It’s an odd-numbered election year in Georgia. And that means, except for few special elections to fill unexpired terms for State House and Senate seats, voters will cast their ballots today for mayors, city council members and school board members in what are non-partisan races.
Clicking the link takes you to a website where you can input your email and zip code, then locate your polling place.
I can understand something like this coming from the national Democratic party in a state like New Jersey or Virginia, where partisan contests are going on. Buy why Georgia?
Maybe it’s because behind the scenes, some local races are more partisan than they look. Following the 2011 mayoral election in Snellville, the Democrats tweeted this:
They also listed their statewide electoral accomplishments in a blog post.
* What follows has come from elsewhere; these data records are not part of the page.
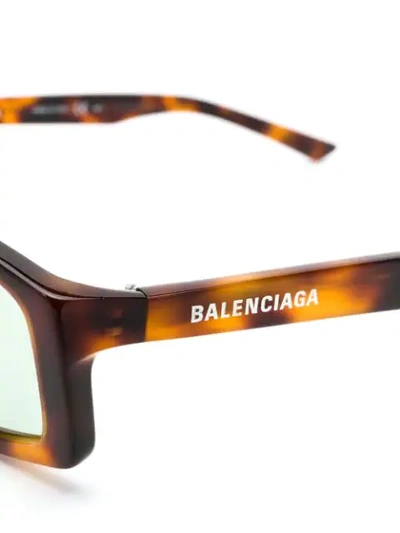 Shop Balenciaga Narrow Rectangular-frame Sunglasses In Brown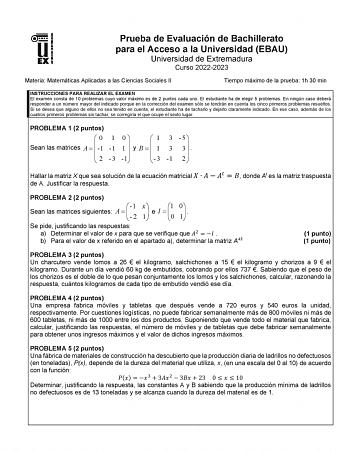 Examen de Matemáticas Aplicadas a las Ciencias Sociales (EBAU de 2023)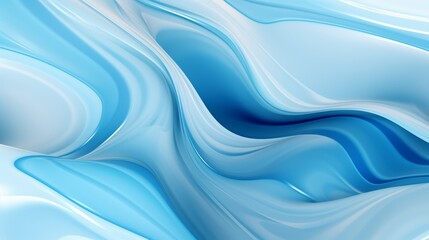 blue Wavy Glass Shapes Background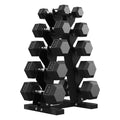 Hex Dumbbell Sets with Rack, 85-560lb Dumbbell Weight Set & Storage Rack | PAPABABE Dumbbell Set with Stand, Rubber Dumbbell Weight Set, Multiple Options Hand Weight for Strength Training - size: 150lb (5, 10, 15, 20, 25lb)x2& Rack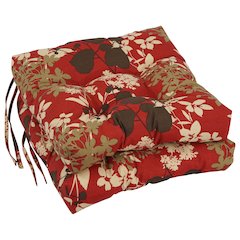 16-inch Spun Polyester Patterned Outdoor Square Tufted Chair Cushions (Set of 2)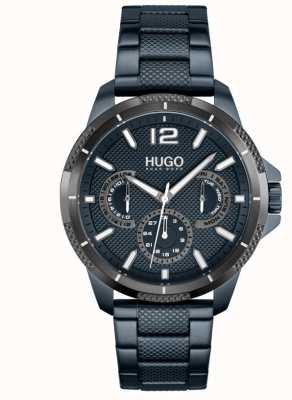 HUGO #sportif | bracelet en acier ip bleu pour homme | cadran bleu 1530194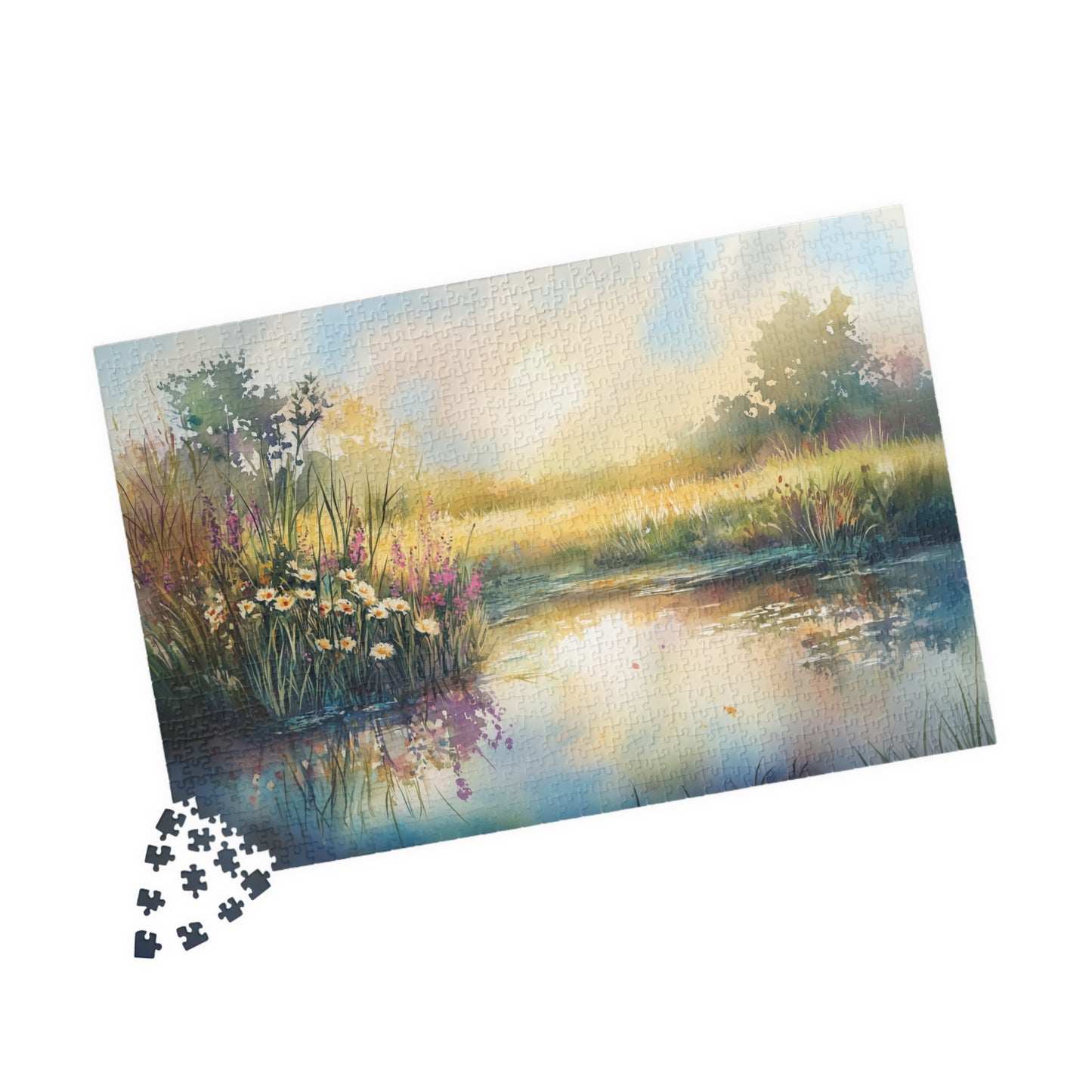 Prairie Pond Puzzle (110, 252, 520, 1014 Pieces) - Reflective Water, Wildflowers, Golden Light, Relaxation, Home Decor, Mindful Activity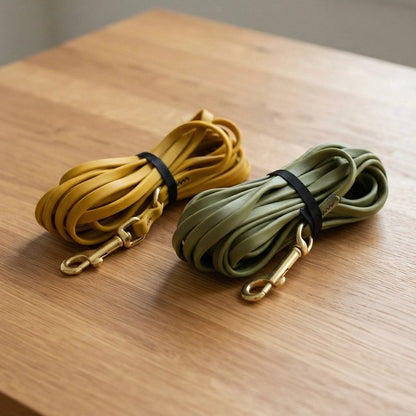Longe pour Chien  jaune moutarde et vert olive pour s'adapter aux préférences esthétiques et à la visibilité 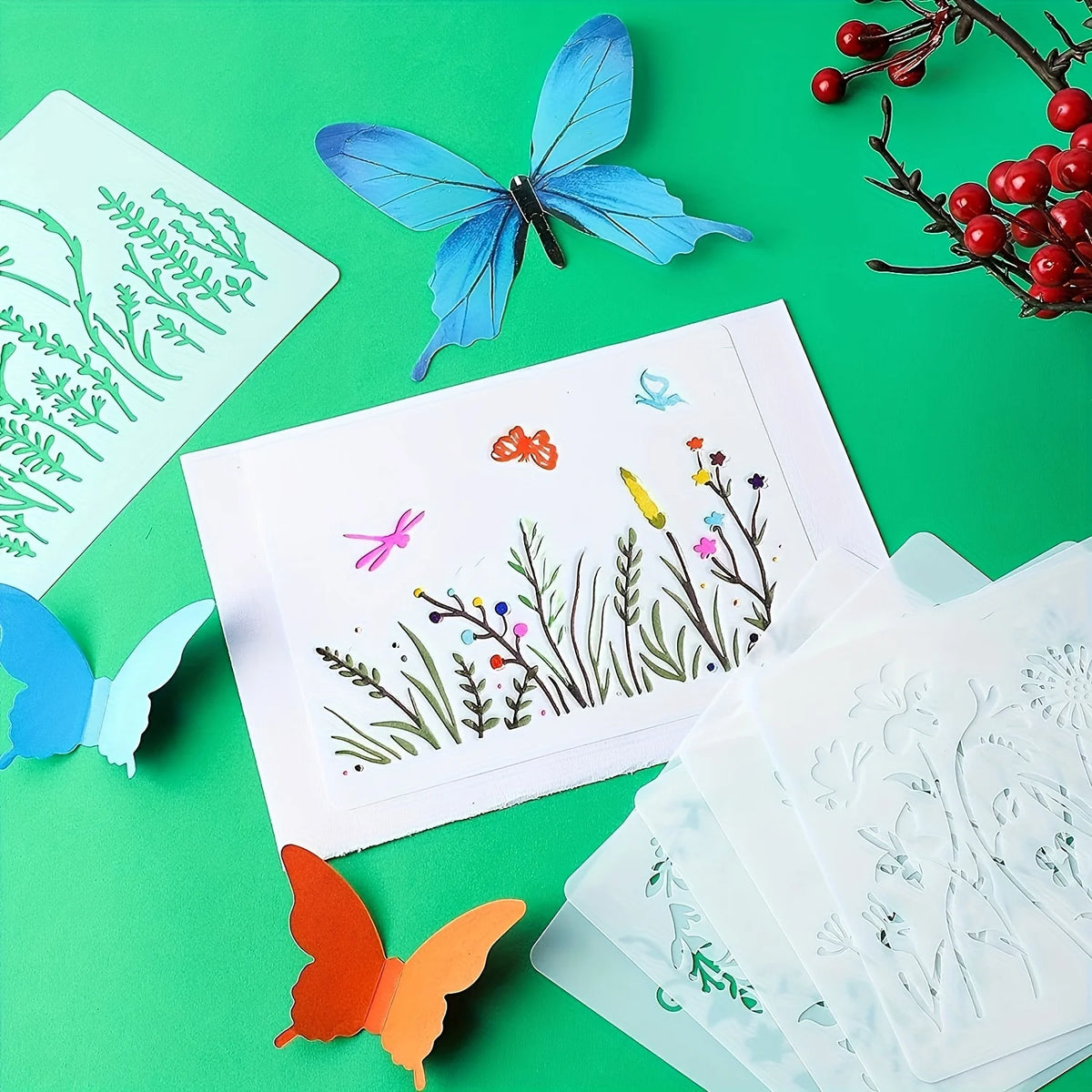 stencils peinture fleurs motifs floraux art floral naturel minimaliste couleurs variées usage multiple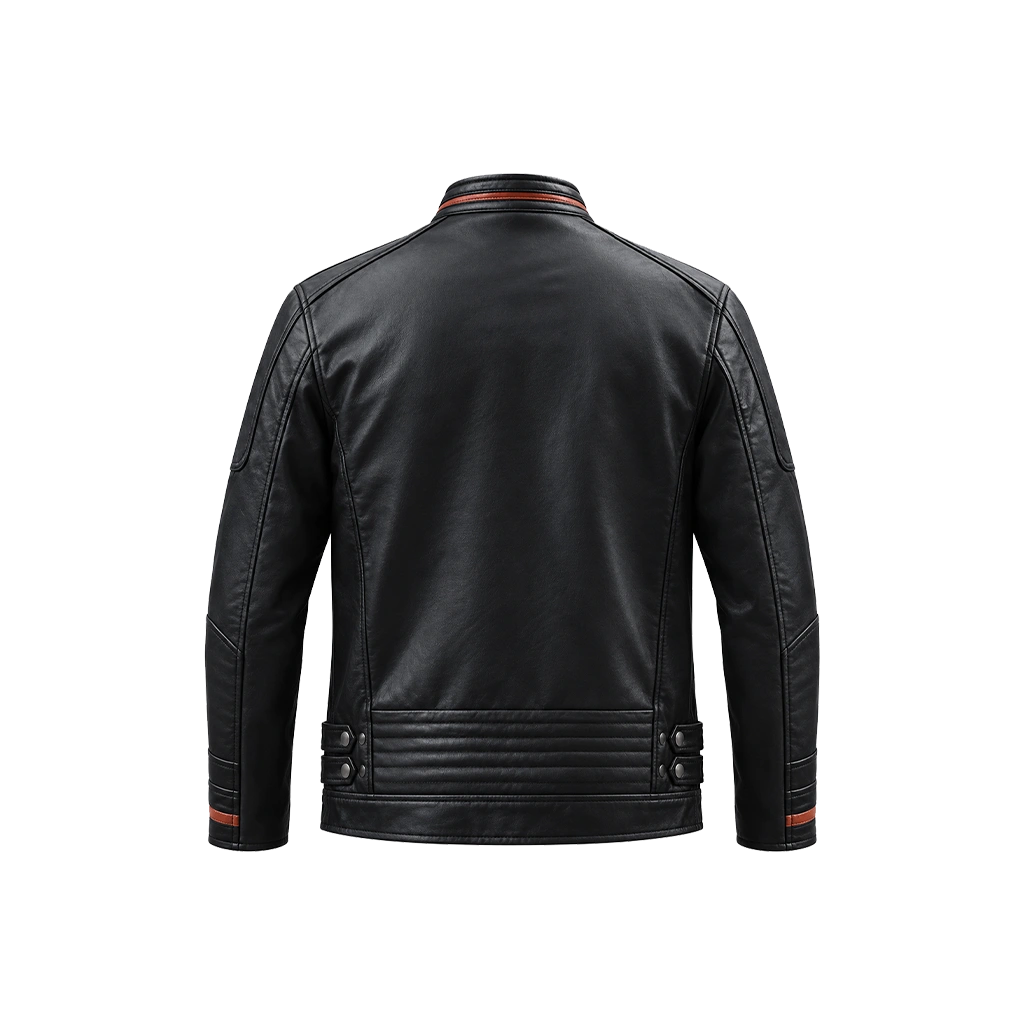 Men’s Black Striped Leather Cafe Racer Biker Jacket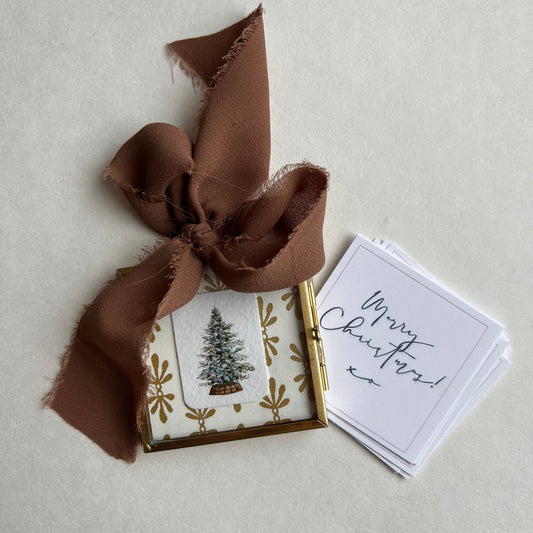 Brass + Glass Ornament - Mini Tree + Cream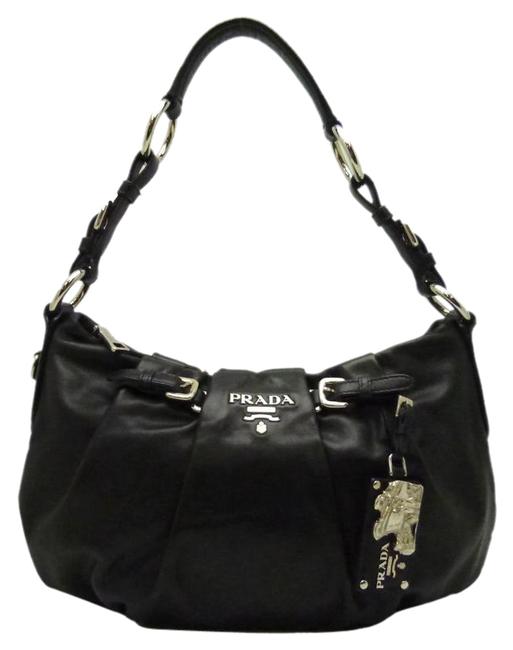 Prada Ladies Br3795 Soft Black Leather Shoulder Bag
To be fair, Republicans get involved in local races as well, if not as openly as the Democrats do. Also in 2011, the Gwinnett GOP sponsored a robocall encouraging voters to elect P.K. Martin to the Lawrenceville city council.
Why all the interest from the political parties in these races? For the Democrats especially, it’s a good way to build a bench of candidates for higher-level offices down the road. And in a county like Gwinnett which is turning purple, Democrats hope that wins at the city level increase the chances of larger wins down the road.
The transformation of Georgia from a Democratic state to a Republican one started in Atlanta’s suburbs, but didn’t become statewide until Republicans began winning elections for sheriff in counties south of the Perimeter.
Periodically, I hear calls to convert partisan races to non-partisan ones. There’s even a national organization dedicated to this idea. I wonder if the interest here is to blur the lines and give the party out of power a chance in a race it couldn’t normally win if party affiliation were identified.
The major political parties understand the importance of getting their candidates on local ballots and winning local races, even if they are nominally non-partisan. Maybe it’s time we recognize that fact and turn local races into partisan contests.